Is AI Kiling Jobs?

Mar 01, 2026By Andrew Steele
Andrew Steele

Harken back to a post I wrote a few months ago titled Is SaaS Eating AI?, Tomasz Tunguz nails it again in his analysis of the likely impact of AI on jobs - especially tech sector jobs.

TL;DR the sky isn't falling (I'm pretty sure...).

Here's the crux of the analysis - In 1909 there were 253 auto manufacturers. Then Henry Ford introduced the assembly line, and 20 years later only 44 manufacturers remained. But jobs in the industry over that same period went from 76K to 471K.  That's over 6X (??) increase of jobs in the sector. 

What happened? Automation fundamentally changed throughput, supply chain and unit economics. The industry not only shifted to feed the new beast, but jobs in it grew by 6X+ over the same time.  Jobs didn't go away - they shape shifted & multiplied.

Feels familiar. Secondary & tertiary effects of industrialized AI are just barely beginning to emerge. But they will.
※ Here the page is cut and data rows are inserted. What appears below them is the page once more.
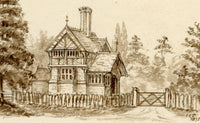 C.A. Collis, Madresfield Court, New North Lodge, Malvern, Worcestershire – 1875 watercolour painting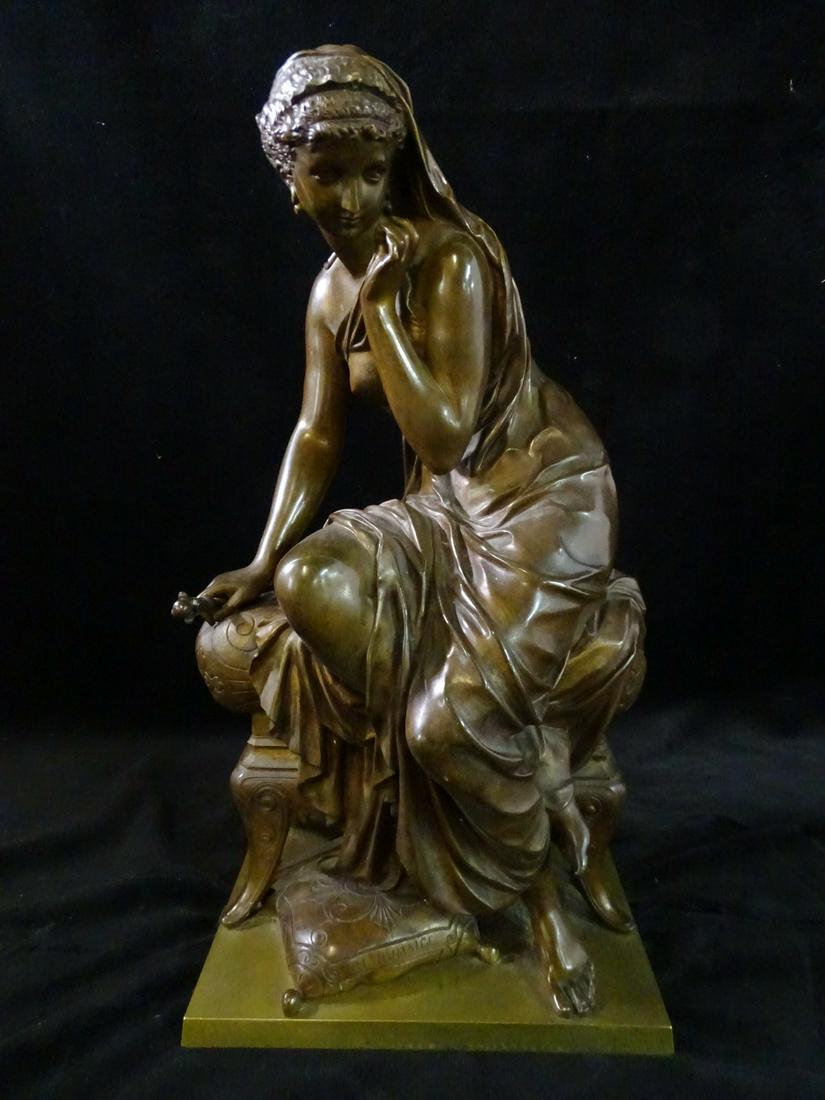 BRONZE GROUP SEATED FEMALE SIGNED 15'' H. (1 of 8)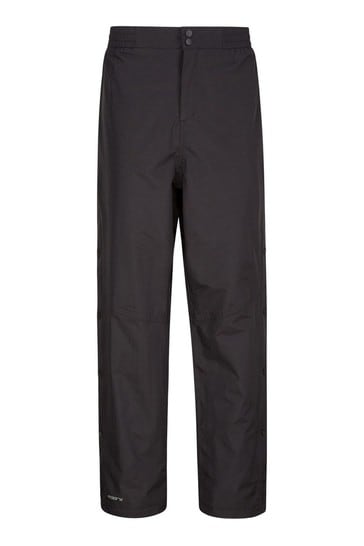 Mountain Warehouse Black Downpour Extreme Waterproof Mens Overtrousers - Short Length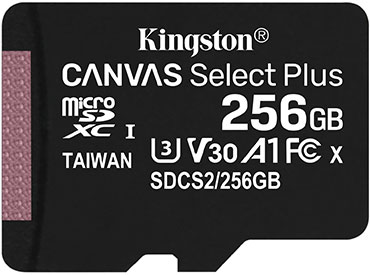 Tarjeta de memoria microSD Kingston Canvas Select Plus 256GB con Adaptador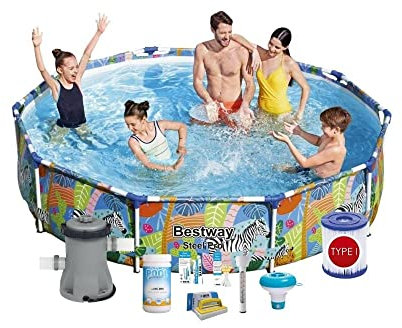Bestway Piscina Steel Pro - Bundle da piscina, 305 x 66 cm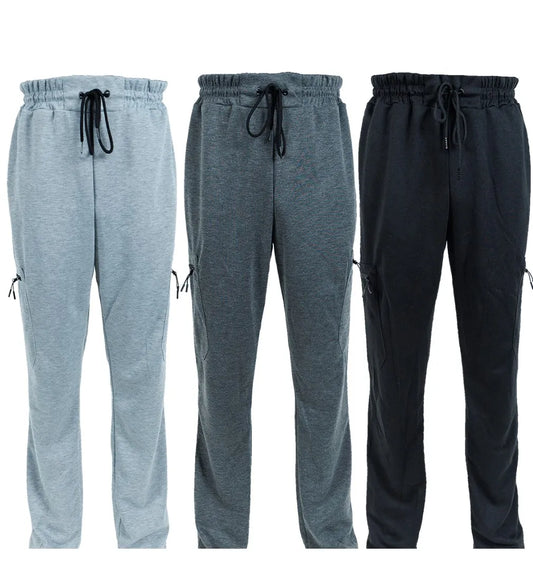 3 Pack Men's Fleece Lined Slim Fit Casual Tech Jogger Sweatpants Zipper Pockets GYM Track Pants S-3XL
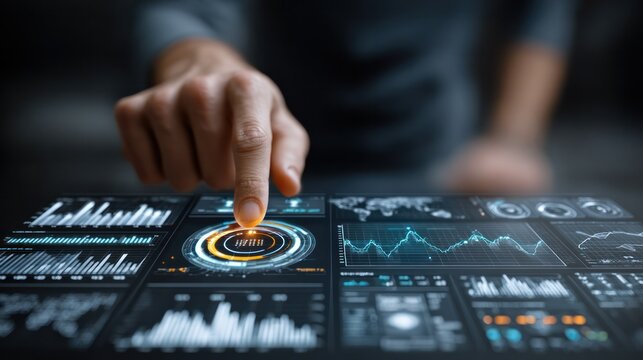 Advanced futuristic digital interface with holographic data projections and touch controls displaying graphs charts and analytics in high-tech environment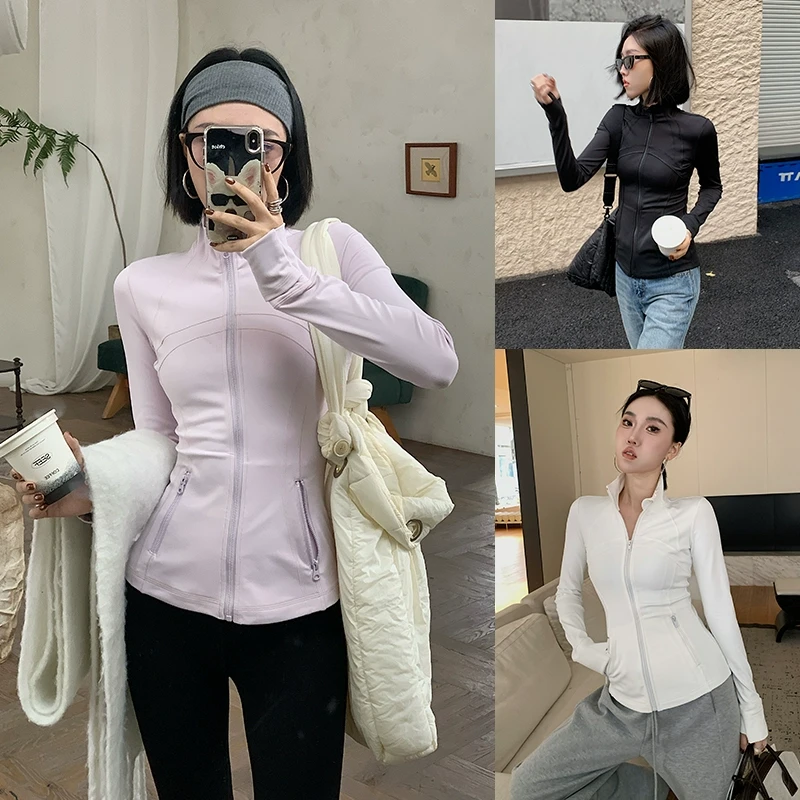 十三粥私服 零脂感 时尚立领显瘦紧身上衣抓毛保暖收腰弹力外套女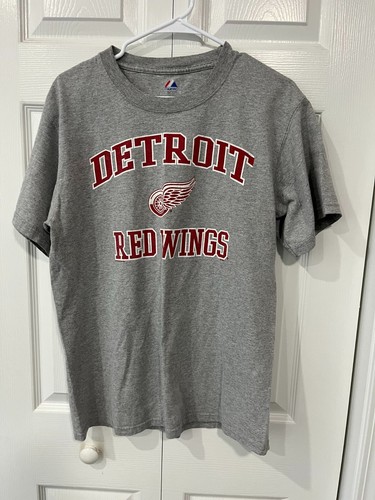Vintage Majestic Detroit Red Wings Gray T-Shirt M- Excellent Condition - Picture 1 of 2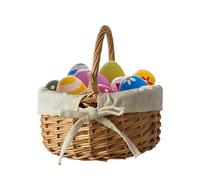 Cesta de mimbre tejida a mano, cesta ovalada tejida con asa, cesta multifuncional, cesta de mimbre grande, cesta de almacenamiento decorativa, cesta vacía forrada de tela para picnic, compras, hogar
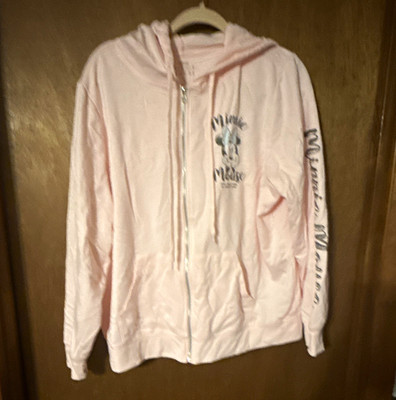 Women s Pink Minnie Mouse Disney Full Zip Hooded Fleece Hoodie Pockets L
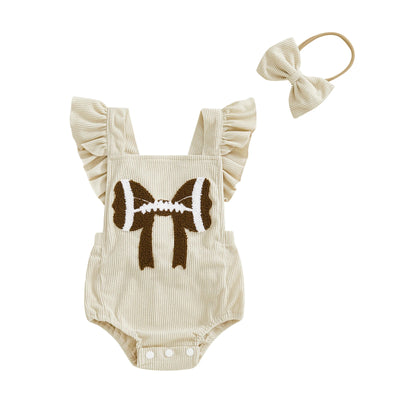 FOOTBALL Corduroy Ruffle Romper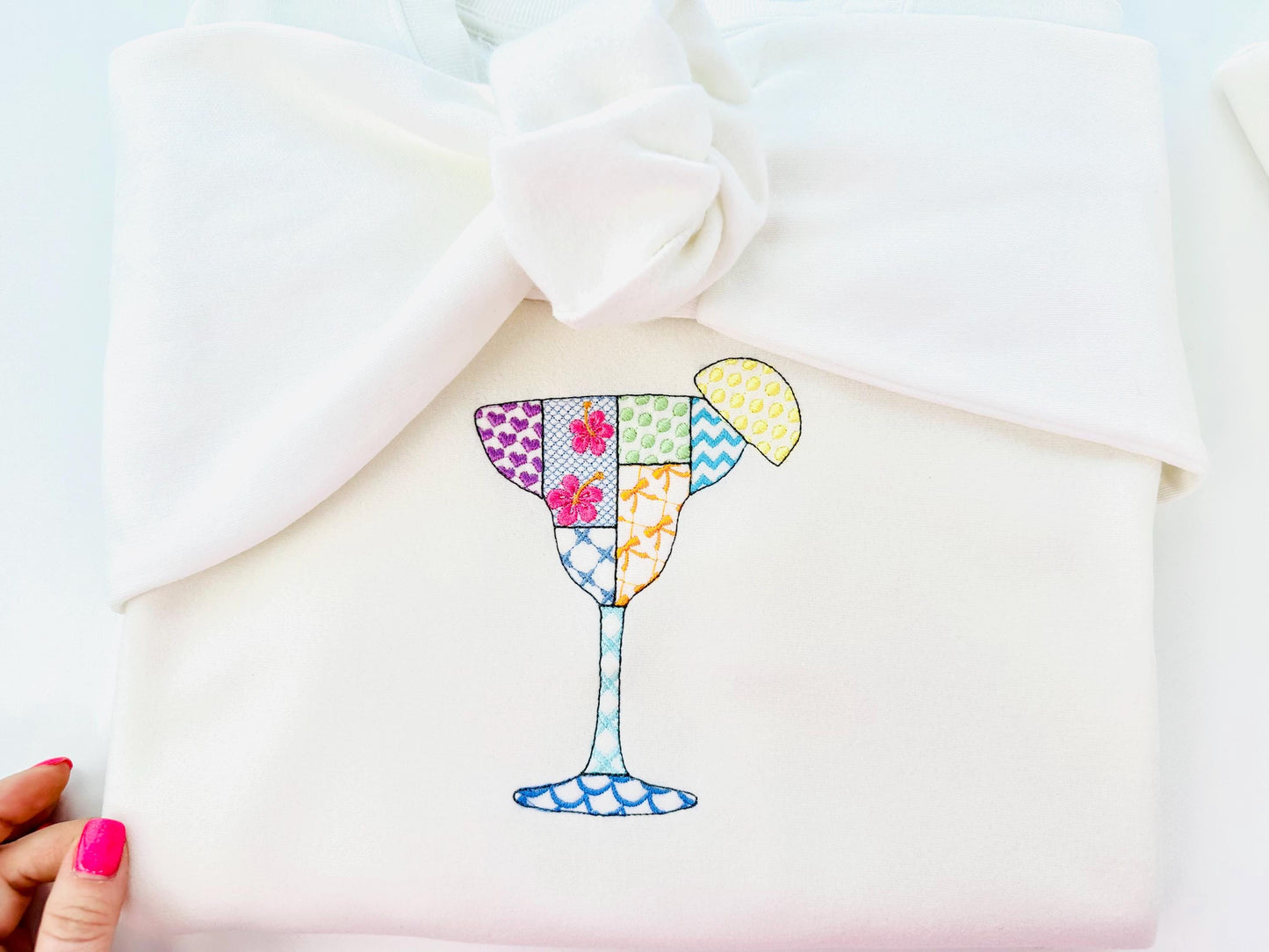 Patchwork Summer Martini Cocktail or Dessert Drink Glass beach pool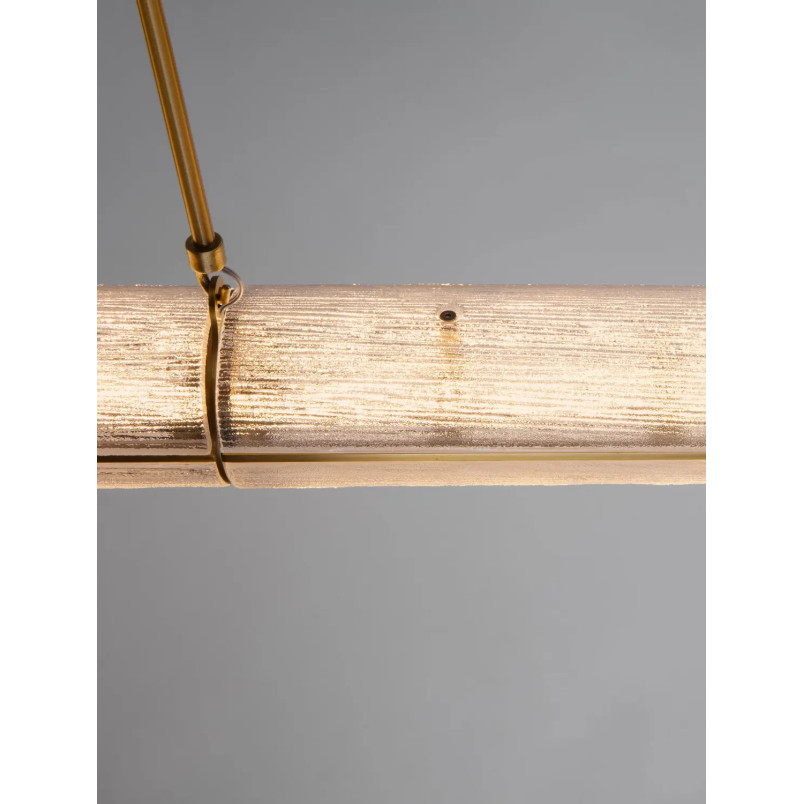 Lampa wisząca szklana podłużna Loren LED 121cm szkło strukturalne / antyczny mosiądz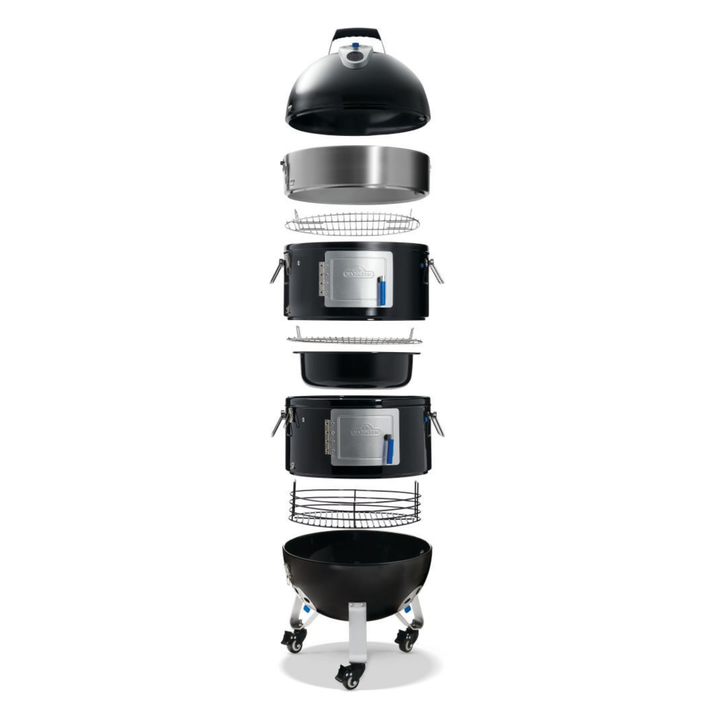 An exploded view diagram of a black and stainless steel outdoor grill, showing all its components stacked vertically on a white background.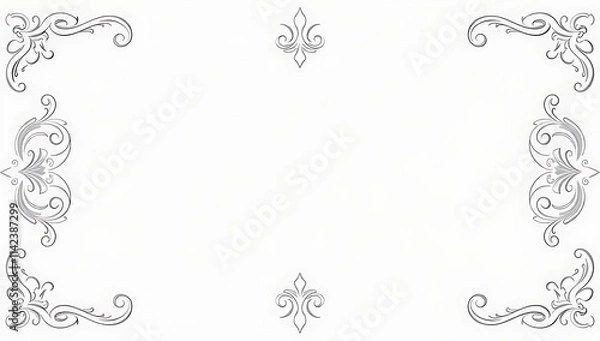 Fototapeta Elegant Ornate Frame Design With Floral Swirls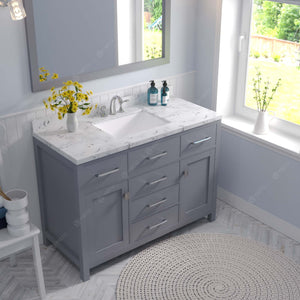 Virtu USA Caroline 48" Single Bath Vanity with Cultured Marble White Top and Square Sink with Brushed Nickel Faucet with Matching Mirror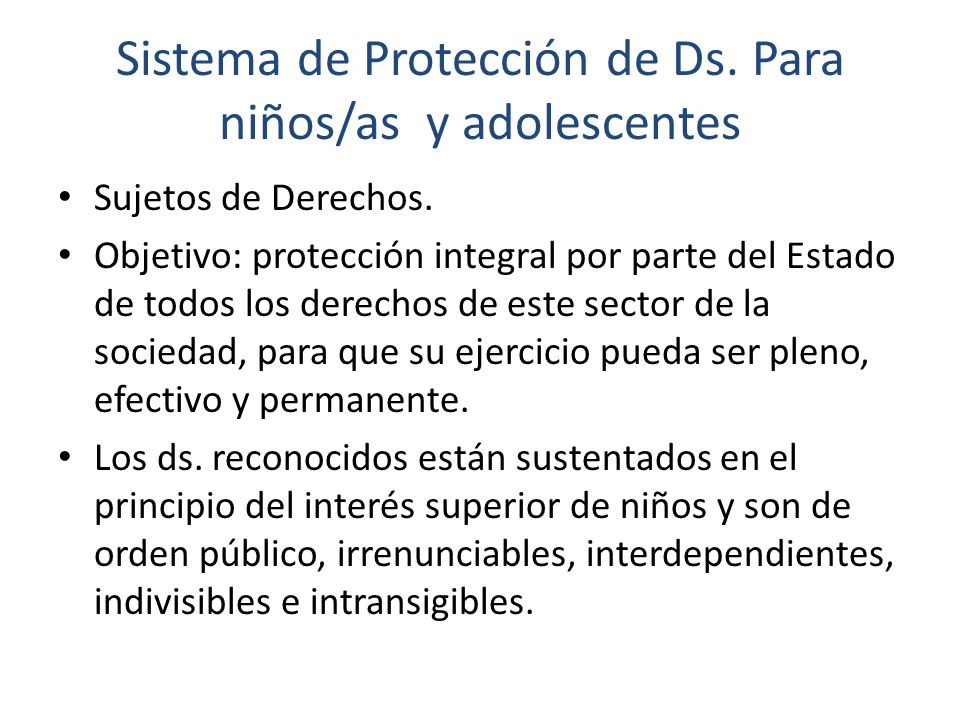 Sistema de Protección de Ds. Para niños/as y adolescentes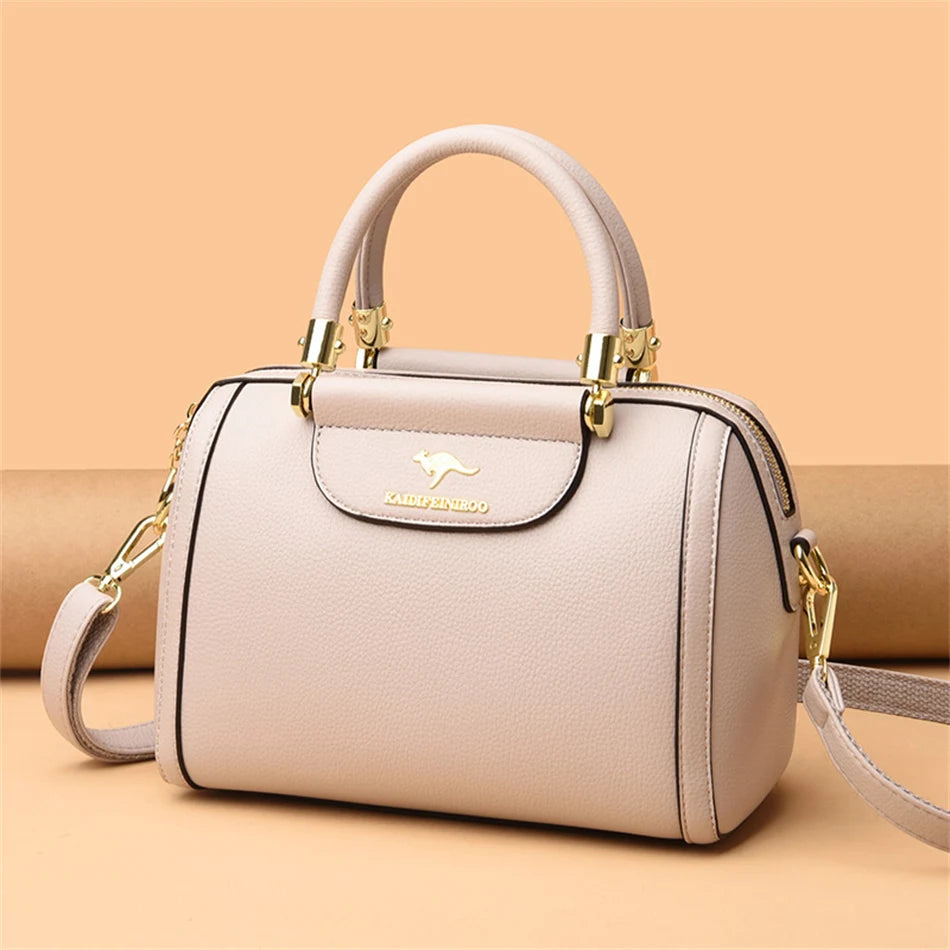 Granded marque en cuir de vachette Sac à main sac à main femmes décontracté bandoulière sacs à bandoulière de luxe dames fourre-tout Boston Sac 2024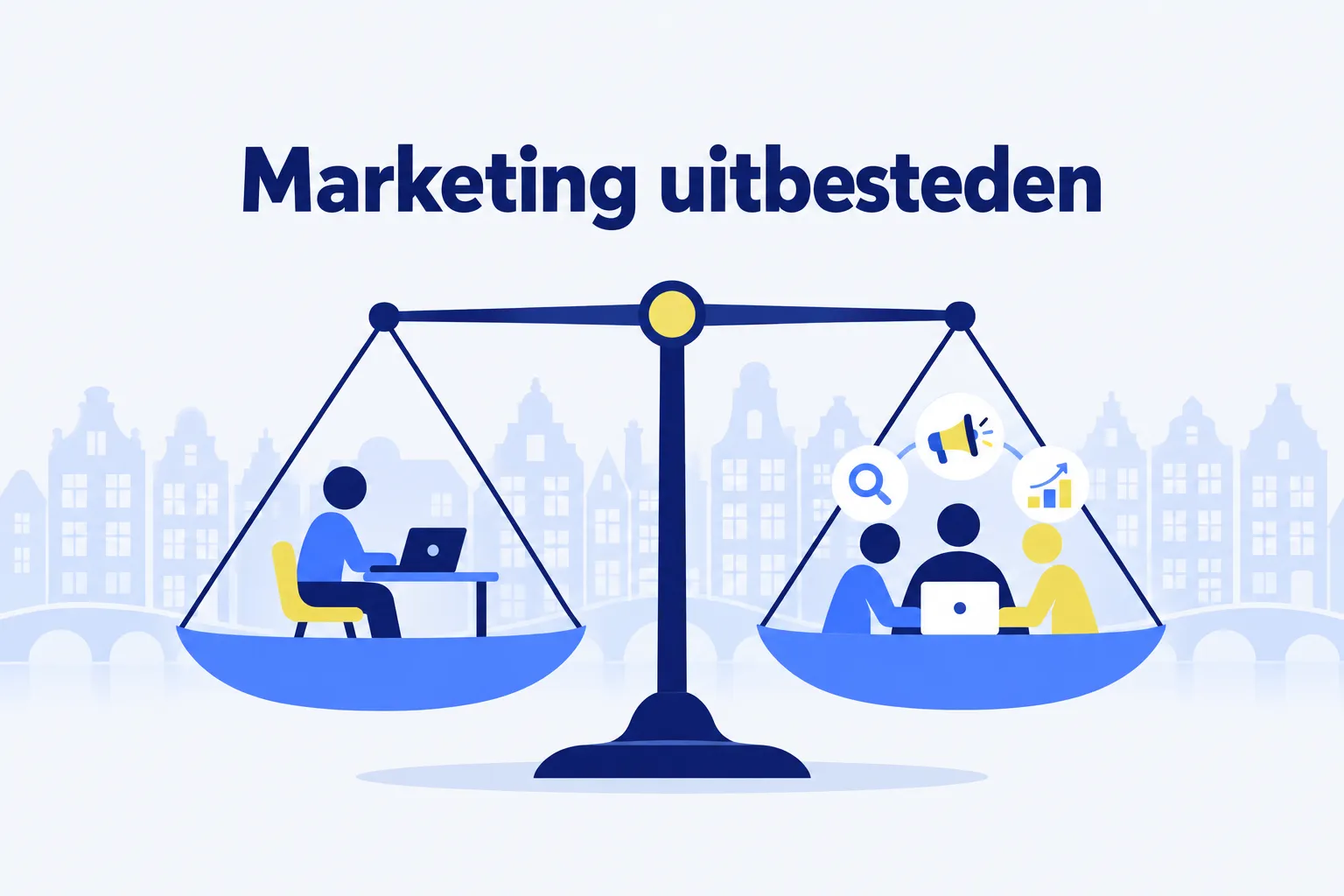 Illustratie: marketing uitbesteden, eigen marketeer tegenover een bureau op een weegschaal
And they'll likely follow the same pattern that followed the assembly line.  As factory automation drastically reduced both the production time and cost of cars, AI will do the same for technology (coding, devops, etc.).  But the resources that would have otherwise been operating in pre-AI type roles will redeploy to  build and build the ecosystems & supply chains necessary to support the post-AI dynamics of building and operating technology.

I'm old enough to remember the cries that the cloud was going to destroy the enterprise hardware business. Nvidia would like a word.